I think the answer is in the middle, but the pendulum has swung too far in the “doesn’t matter” direction.
> we’re finally admitting that all of that leetcode screening and engineer quality gating was a farce, or it wasn’t, and you’re wrong
We’re admitting a bit of both. Offshoring just became more instantaneous, secure and efficient. There will still be folks who overplay their hand.
Macroeconomically speaking, I don’t see why we need more software engineers in the future than we have today, and that’s probably a conservative estimate.
> Macroeconomically speaking, I don’t see why we need more software engineers in the future than we have today, and that’s probably a conservative estimate.
Why? Is the argument that there’s a finite amount of software that the world needs, and therefore we will more quickly reach that finite amount?
Seems more likely to me that if LLMs are a force multiplier for software then more software engineers will exist. Or, instead of “software engineers”, call them “people who create software” (even with the assistance of LLMs).
Or maybe the argument is that you need to be a super genius 100x engineer in order to manipulate 17 collaborative and competitive agents in order to reach your maximum potential, and then you’ll take everyone’s jobs?
Idk just seems like wild speculation that isn’t even worth me arguing against. Too late now that I’ve already written it out I guess.
> instead of “software engineers”, call them “people who create software” (even with the assistance of LLMs)
I think this is my hypothesis. A lot more people with a lot less training will create vastly more software. As a consequence, the trade sort of dissolves at the edges as something that pays a premium. Instead, other competencies become the differentiators.
> A lot of what one previously needed a SWE to do can now be brute forced well enough with AI.
I've never met those people. I've met a LOT of PM who tried. I've met a LOT of entrepreneur who also tried. They never cared, nor even understand, code. They only cared about "value" (and they are not necessarily wrong about it) so now they can "produce" something that does what need until it doesn't. When that's the case then they inexorably go back to someone else (might be a SWE, ironically enough, but might also be someone else like them they shift responsibility to, for money).
Brute force works until you have to backtrack, then it becomes prohibitively expensive until one has to actually grok the problem landscape. It's amazing for toy projects though, maybe.
I'm on the same ship. Running 2 agents and seeing a vast amount of productivity increase. Not always though. Sometimes the solutions are very over-engineered and I need to guide the agent to where I want it to go.
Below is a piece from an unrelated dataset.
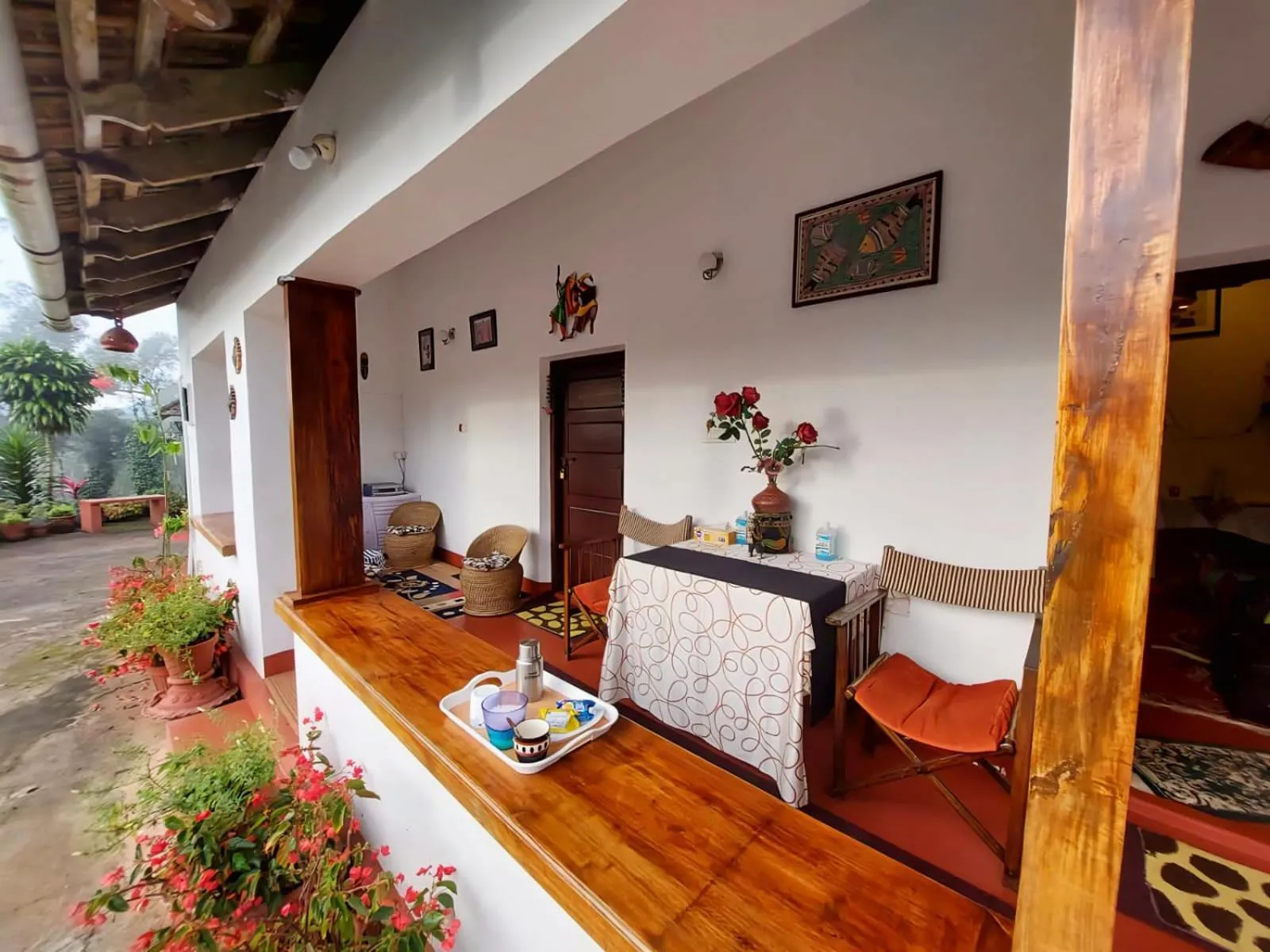 The Blue Mountains Estate Stay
I do a lot of micro-management, which is totally not where people with agent-orchestras seem to go nowadays.
yup, agree - i spend most of my time reviewing the spec. The highest leverage time is now deciding what to work on and then working on the spec. I ended up building the verify skill (https://github.com/opslane/verify) because I wanted to ensure claude follows the spec. I have found that even after you have the spec - it can sometimes not follow it and it takes a lot of human review to catch those issues.
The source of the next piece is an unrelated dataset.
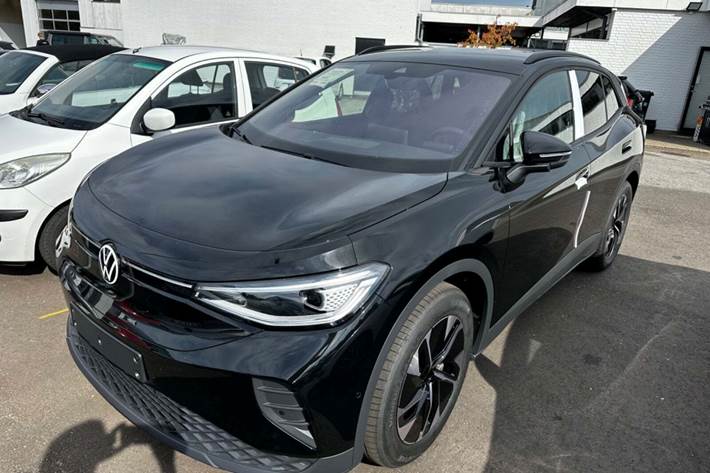 Sort VW ID.4 fra 2025 set udefra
I would be impressed if I could say "here's $100 turn it into $1000" but you still gotta do the thinking.
agreed, honestly if I see my agent "run" for more than 5 minutes or so I get very suspicious that its doing anything of value other than burning credits because more often than not its just talking to its self or running in loops. I also find the whole multi-agent stuff to be suspect most the time, I don't know that I have seen multiple agents running in parallel do anything that a single agent with good guidance couldn't do synchronously in about the same amount of time.
They are probably paying for expensive subscriptions and want to utilize them. Unfortunately we aren't past the slop stage so a lot of the business logic probably has bugs and unused defensive code that snowballs the more features AI adds.